A patient suffering from depression presents to a physician's office or clinic. To improve the patient's symptoms, the patient is administered a combination of radiprodil and milnacipran hydrochloride. The patient's vital signs and an ECG are recorded. Adverse events are also recorded. Physical examinations are conducted and blood and urine samples are collected. At the discretion of the physician, the dosage of radiprodil and/or milnacipran hydrochloride can be reduced or increased as required. The results from the above treatment regimen may surprisingly show that a combination of radiprodil and milnacipran hydrochloride can be used to safely and effectively treat depression.

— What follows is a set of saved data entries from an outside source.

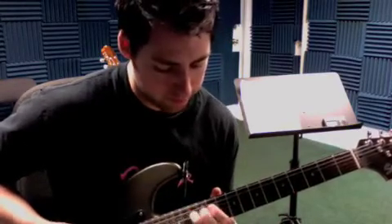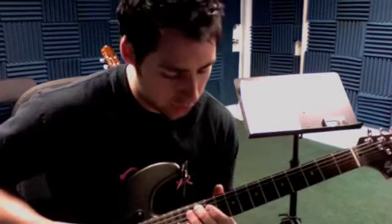Here's a cool lick — I think I showed that to you last week.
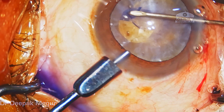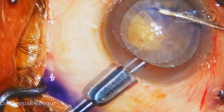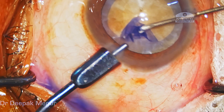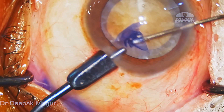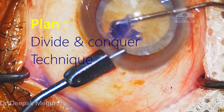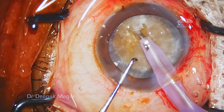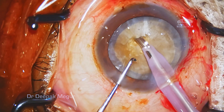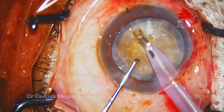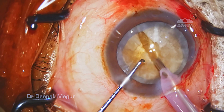Let me take you through one such case being performed by a relatively new phaco surgeon. We can see that the cataract is quite tense and the surgeon has planned to do a divide and conquer four quadrant technique. The rhexis is completed and the surgeon begins to sculpt. His aim is to create four deep trenches which will then be divided into four quadrants before emulsification.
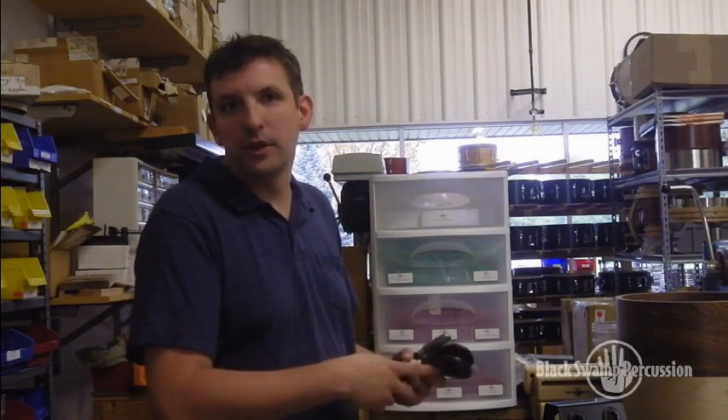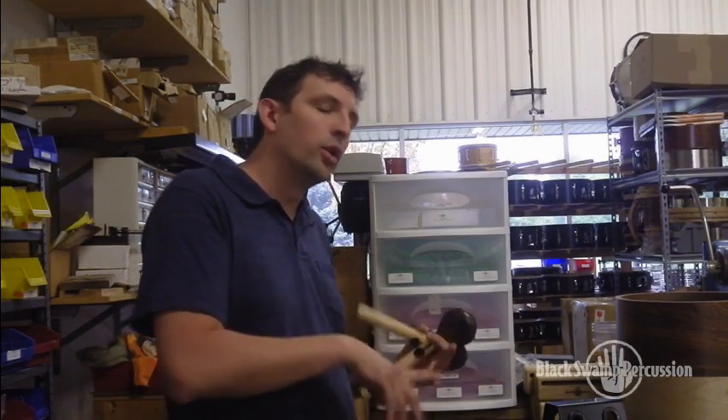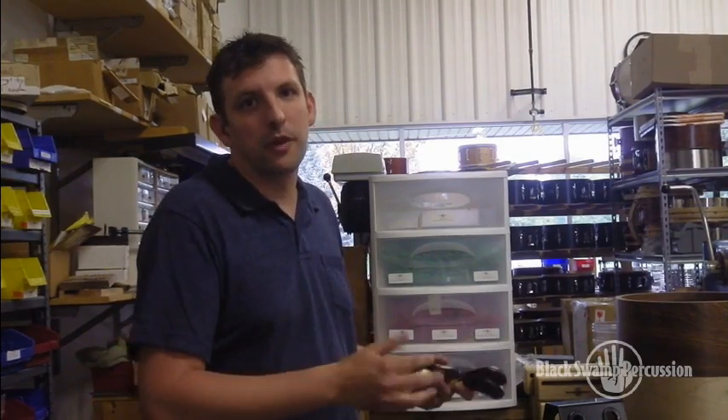We offer our castanets in three different wood types and two contrasting sizes: ebony, rosewood, and cocobolo. Descriptions and sound samples of each can be found on our website.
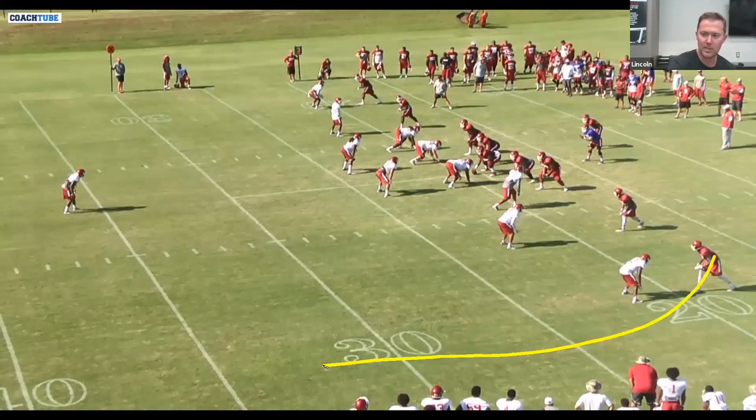You're going to have a must outside release vertical by the X receiver — that is a pure must outside release. We've worked these weak side concepts through the years. Some of that's been trying to highlight a certain receiver, some of it's been what the quarterback is most comfortable with.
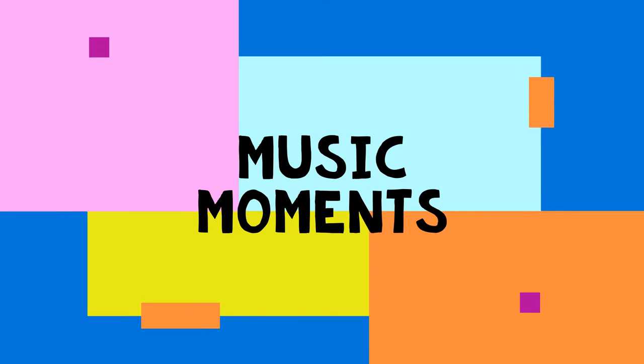Hey guys, it's Kai from the Sterling Public Library and this is Music Moments. Music Moments is an online only program where we challenge ourselves to think outside the box in fun and engaging ways. Our videos will be posted weekly from July 2nd to August 27th at 11 a.m. You can find our videos on our Facebook or you can go to our website sterlinglibrary.com.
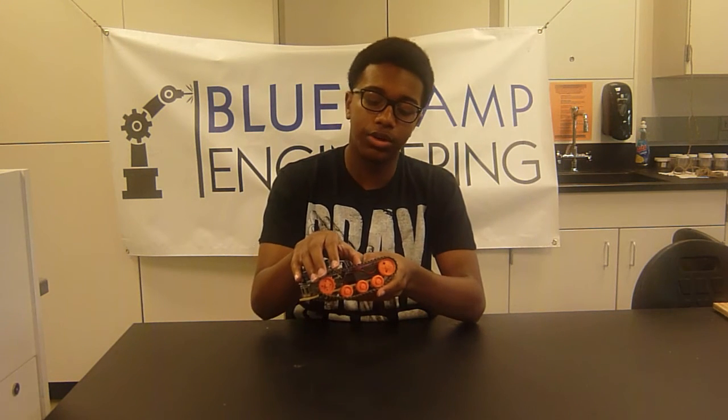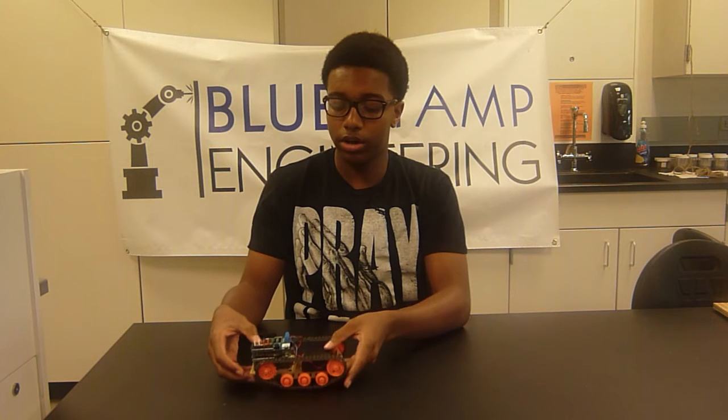I'm Malcolm. I go to DSST Cole High School and I'm going to the 11th grade. This is my remote control tank, Milestone No. 1. This is an example of how it works.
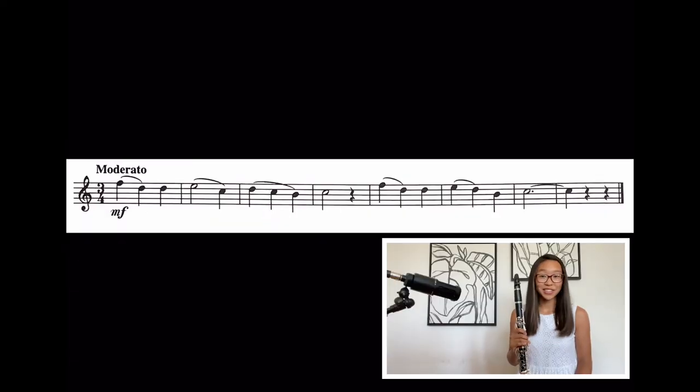Good job. Now on to the next exercise. For this one, it starts on that high F, then D, D, E, half note C, D, C, B, half note C, and then quarter rest. Then we have F, D, D, E, D, B, C. In the third measure, we go from the D to the B — this may be a bit of a jump, but make sure you keep that air going no matter what.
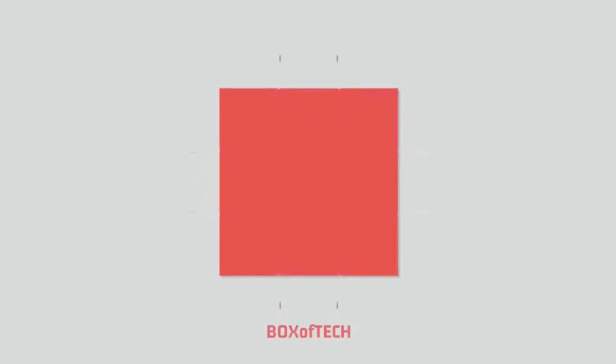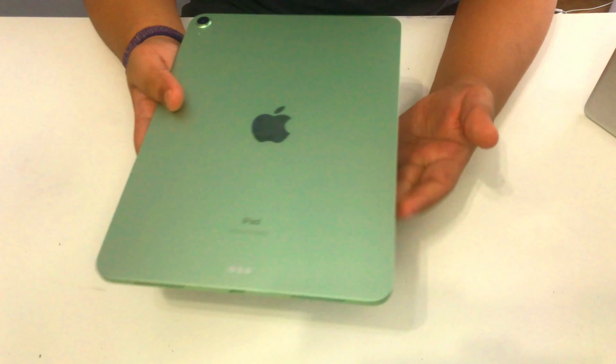This iPad is really good for online classes. In the box you get the iPad itself, the 20-watt USB-C power adapter — the same as the iPhone 12 power adapter — a USB-C cable, your manuals including the quick start guide, Apple stickers, and warranty information. If you get the cellular model, you also get a SIM ejector pin, but this is the Wi-Fi model so there is no SIM ejector inside.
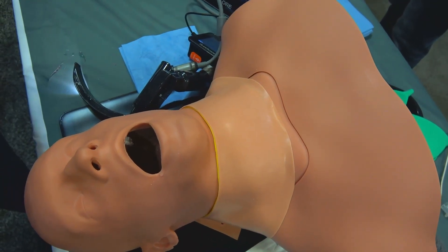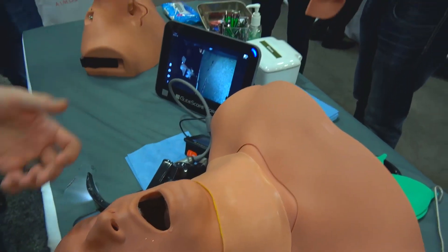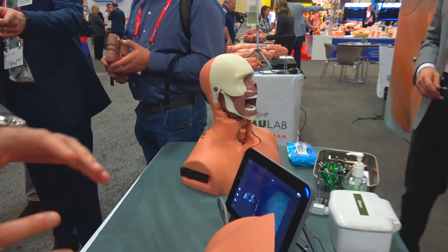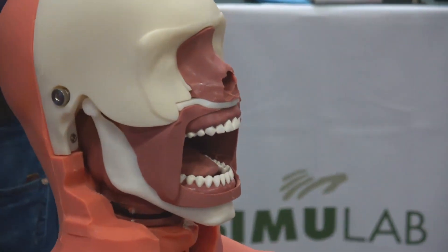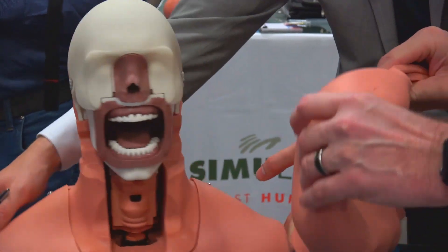The other end of the spectrum is soft tissue airway trainers that are very expensive and maybe not as durable as we would like, and maybe not so easy to interchange parts and make sure that this system is in use at all times while you have high volume of training using this airway system.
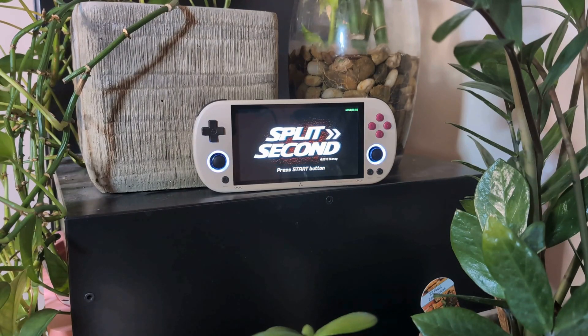Hi everyone, Eric at Retro Handheld Guides. Today I'll be taking a look at PSP emulation using Vulkan graphics on the TrimUI Smart Pro. For anyone that has already tried Vulkan graphics on the Smart Pro, you've likely found that it improves performance but introduces heavy screen tearing and visual glitches which makes gameplay unplayable. In this video I'll show you how to fix the screen tearing issue with a single setting and test out some of the harder to emulate games using Vulkan graphics.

The combination of radiprodil and milnacipran hydrochloride may provide synergistic benefit when compared to patients treated with radiprodil or milnacipran hydrochloride alone.

The present invention is not to be limited in scope by the specific embodiments described herein. Indeed, various modifications of the invention in addition to those described herein will become apparent to those skilled in the art from the foregoing description and the accompanying figures. Such modifications are intended to fall within the scope of the appended claims. It is further to be understood that all values are approximate, and are provided for description.

The entire disclosures of all applications, patents and publications cited herein are hereby incorporated by reference in their entirety.